Sokolova B, Gharibi H, Jafari M, Lyu H, Lovera S, Gaetani M, Saei AA, Zubarev RA

J. Proteome Res. 25 (3) 1556-1570 [2026-03-06; online 2026-02-07]

Identifying how drugs interact with proteins is fundamental to understanding their therapeutic effects and side effects. While numerous chemical proteomics methods exist for determining protein targets of drugs, each exhibits "blind spots," necessitating complementary approaches. We introduce Above-Filter Digestion Proteomics (AFDIP), which monitors trypsin digestion rates that decrease at ligand-binding sites, while potentially increasing elsewhere. Molecular dynamics simulations showed that these changes relate to backbone flexibility.

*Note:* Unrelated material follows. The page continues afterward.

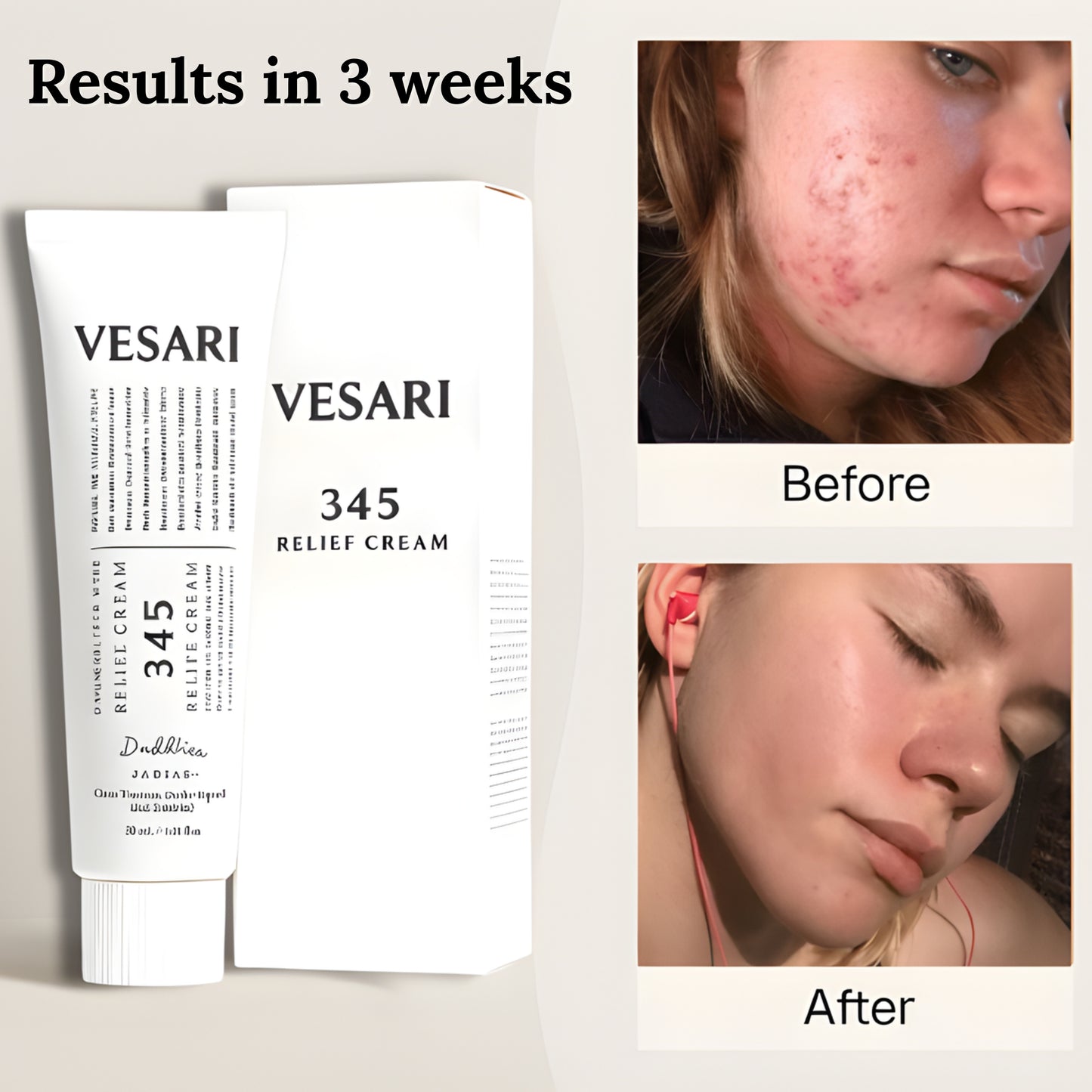 Vesari™ 345 Sensitive Relief Cream by Dr. Althea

Using AFDIP, we identified targets of various drugs and metabolites, allowing two-dimensional analysis with the drug concentration as the second dimension. The method identifies binding sites within ≤10 Å of crystallography-determined locations with improved resolution (≤5 Å) for larger proteins. Compared with existing proteolysis approaches, AFDIP offers simpler sample preparation, deeper proteome analysis, and broader sequence coverage. AFDIP addresses the blind spots of current techniques and provides structural insights, enhancing the chemical proteomics toolkit.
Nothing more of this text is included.